In other words, Cooney, Britain's leading farceur, has stitched Funny Money together according to exactly the same pattern he has successfully employed in Run for Your Wife and its actual sequel, Caught in the Net, not to mention just about every other play he has written: That is, some entirely unremarkable Englishman gets caught up in some extraordinary circumstance of his own devising, traps himself and everyone around him in a cascade of little lies and mistaken identities, and throws around some sexual innuendo that's supposed to be titillating but really wouldn't even offend the Queen Mother.

We've seen all of this before, certainly at Live Theatre Workshop, which has produced Run for Your Wife and Caught in the Net in recent seasons, and is now lavishing its comic resources on Funny Money.

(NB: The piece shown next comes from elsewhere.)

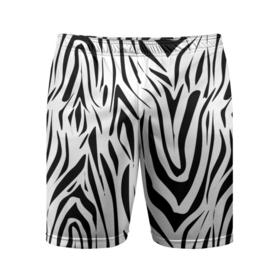 Мужские шорты спортивные с принтом Черно-белая зебра в Екатеринбурге,  |  | зебра | модный | молодежный | популярный | современный | тигровый | тренд | черно белый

This time around, the central character is a muddling, undistinguished office drone named Henry. At a subway station, he mistakenly picks up the wrong briefcase, which turns out to be stuffed with £735,000 in used £50 notes. The bills are untraceable, and the money was obviously intended for some nefarious purpose, so nobody's going to report its loss to the police--but because the purpose was nefarious, some unpleasant personage is sure to trace Henry through the items in his own briefcase and make his life difficult, if not a matter of the past tense. Of course, Henry intends to keep the cash, and he has strong motivation to use it to spirit himself and his wife, Jean, off to Barcelona, or some tropical island he could now probably purchase.

Alas, Henry's not-so-best-laid plans are complicated by the arrival of a police inspector investigating another matter, two family friends who get sucked into a resulting deception, an impatient cab driver and yet another police inspector who arrives to declare that Henry's body has been found, bound and bullet-punctured, in the river. This last announcement causes the real Henry some degree of distress, as one might imagine.

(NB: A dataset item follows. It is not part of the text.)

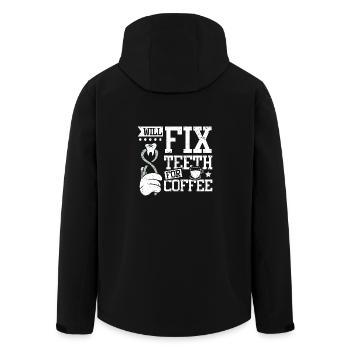 Réparera les dents pour le dentiste au café - Veste softshell homme en polyester recyclé Stanley/Stella - noir - Dos - AI Model Male 185 light (185cm)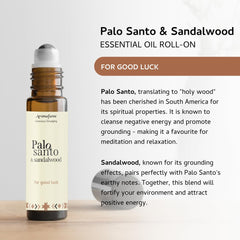 Aromafume Palo Santo & Sandalwood roll-on application at pulse points for calm focus.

Most of the opening-night audience responded to Live Theatre Workshop's lively production with steady bursts of laughter, but I found myself rarely joining in. Part of the reason, as I've suggested, is that when you've seen one Ray Cooney farce, well, you know exactly what to expect from the next five. Also, even though Cooney wrote this one in 1994, the action is set in the late-1970s, which is perhaps the only way to make the side business about suspected homosexuality and wife-swapping seem more hip and less adolescent than it really is.

The generally perceptive director, Sabian Trout, wasn't inspired to come up with any really relevant information in the program's director's notes; she might have added a bit of much-needed edge to the show had she pointed out that British sodomy laws prohibited homosexual activity in the presence of others until only eight years ago. These characters resort to pretending they're wanking each other off under a blanket in front of the police because they believe that's less of an offense than what they're really up to.

What Trout has decided to do, unwisely, is amp up her female characters' goofball levels from the very beginning. A farce like this thrives on the idea that perfectly ordinary people are struggling to keep up normal appearances while everything spins wildly out of control. But when the characters start out silly, the later chaos seems less intense. Lunacy is a goofball's natural environment.

Jodi Rankin, as Jean, opens the action in her customary addled-ditz mode, so her drunken confusion later in the play may turn her limbs rubbery, but it doesn't really transform the character. As family-friend Betty, Holli Henderson adopts a squeaky little voice and shuffles along in quick little baby steps, as if what would soon befall Betty weren't ridiculous enough. Henderson is a sufficiently expert comic actress that she can draw laughs simply with the inflection of a single word, a fleeting facial expression or a little bit of physical business off to the side; burdening her with something as obvious as a funny voice is almost an insult to her talent.

The men come off better--Stephen Frankenfield as the foolishly impulsive Henry, a man trying to rise above his inherent dullness; Keith Wick as Vic, Henry's not entirely willing accomplice in deceit; Michael Woodson as a police detective on the make; and Eric Anson as the perhaps-too-helpful cabbie. Peg Peterson introduces a needed note of sanity and sincerity as the other cop, and Christopher Johnson comes out swinging at the end as an abused bystander.

The brightly lit lemon-chiffon set adds its bit of intensity to the proceedings, and Megan Lamb's costumes suggest the late-1970s without doing anything too silly (apart from that big bow at Henderson's neck).

LTW's core audience will surely find this production of Funny Money uproarious, but for my money, it isn't as funny as it ought to be.